I would prefer to not do that and would appreciate any advice forum members might have for dealing with a V in a large social situation.


----------



## R E McCraith (Nov 24, 2011)

I would try greeting each visitor with Dax on a short lead and at heel - if it is 2 much for him - I THINK IT WILL BE - kennel him up and bring him back on a short lead and at heel - this is your party but a great chance to introduce dax to a crowd - do not stress yourself or the pup - it's just a learning curve


----------



## Azeo (Jul 27, 2012)

Hi,

We will be in a similar situation over the Xmas, as we will be having a lot to celebrate and thank the Lord for(Simba included ).
What i intend to do, is have him at daycare all day, as he comes back really tired and knackered from dog play. This should help him be on his best behaviour on the arrival of our guests-Touch wood-
let me know how it goes with you.. G'luck


----------



## dmak (Jul 25, 2012)

I would probably just kennel the dog in an upstairs or out of the way room and go in every 1/2 to show her you're there. I would also try introducing her to the crowd, this will be a learning opportunity for you and your dog. I try to expose my pup to any and every situation, so he goes everywhere with me. You should see the people at Walmart. I've never had anyone ever say anything, but you can tell they want to. He always stays close and is quiet and respectful, so I think people assume he's a service dog.


----------



## lilyloo (Jun 20, 2012)

Ruby gets over excited for guests as well. It's a shame because everyone thinks she's spastic but she's really quite calm most of the time.

What we have noticed when we have a large group of people over is that she's really excited for the first 5 or so people that come, but after that she doesn't notice that it's someone "new" and she doesn't re-do her excited greeting with everyone. 

Maybe try to arrange that the first few guests arriving are okay with an overly enthusiastic dog. I also echo having a crate in a far away area of the house in case it's too much for him.


----------



## luv2laugh (Oct 6, 2011)

When Oso was a puppy, we would exercise him for 2-3 hours before going to see anyone in the family (save my mom - she got to see the full craziness). We wanted Oso always to be invited back instead of to be labeled like a psycho dog. 

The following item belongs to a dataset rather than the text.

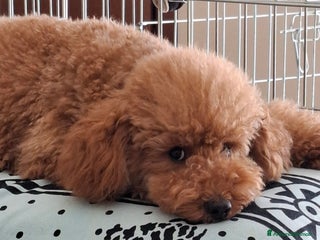 Barboncino Toy cani Barboncino toy - Annuncio 4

It worked really well. For big events we would also exercise him a lot the day before. As they get older and better conditioned, this is more difficult. But, if we did our 15 mile gain 6,000 ft Mt. Baldy the night before and then just a couple of hours in the morning, he will be calm all day the next day.

This is a lot of work though, especially when planning for a party. Kenneling wouldn't be bad for this year and then you have another year to work on training him for parties and with groups.


----------



## jld640 (Sep 29, 2010)

How very fun!! 

Take your wife’s concerns seriously. If either of you are stressed about him at the party, your stress will translate to him and no one will have any fun. But, if you think you want to try it, here are a few things Savannah and I have done. It’s a long post, but even if these ideas don’t work in your household, they may give you a springboard to something that will work for you. 

If Dax hasn’t had much experience with kids or older people, start finding kids and older people who are willing to pet him NOW. Hardware stores, farm stores, and pet stores are good places. People in stores are calmer than people in parks.

We entertain routinely. Every week we have a few folks over for football games. Savannah is a Steelers fan! I suppose, if you have to, other teams would work, too.  These games give Savannah practice for having other people in her house. They also give her an opportunity to see where food is placed during parties so she knows what she is supposed to leave alone. When we have had major gatherings at holidays or for the SuperBowl, it’s just a bit different for her as opposed to a completely new experience.

Have a backup plan for the night of the party. Savannah’s crate is in a room where I can close the door if she starts getting overly-excited. I have peanut butter ice cubes in the freezer to pop into her Kong so she won’t start crying about the crate. 

Of your 50 people, let a few who have dogs know the rules about Dax ahead of time. No stealing food from the coffee table. Sitting on the sofa is ok until a person wants to sit. That kind of thing. They will probably help automatically. Sort of like everyone helps keep kids out of trouble at a party.

Think through the behavior that will evict him from the party and try to anticipate it. Teach the kids as they walk through the door how to stand like a tree. If he leans against someone unsteady on their feet, tell them he says ‘Merry Christmas’, then lead him away. Don’t let it escalate. Also, think through if the party might get to the point he can’t handle it. After the small children fall asleep, will you have some folks who can’t hold their liquor? Put him in the crate before that happens.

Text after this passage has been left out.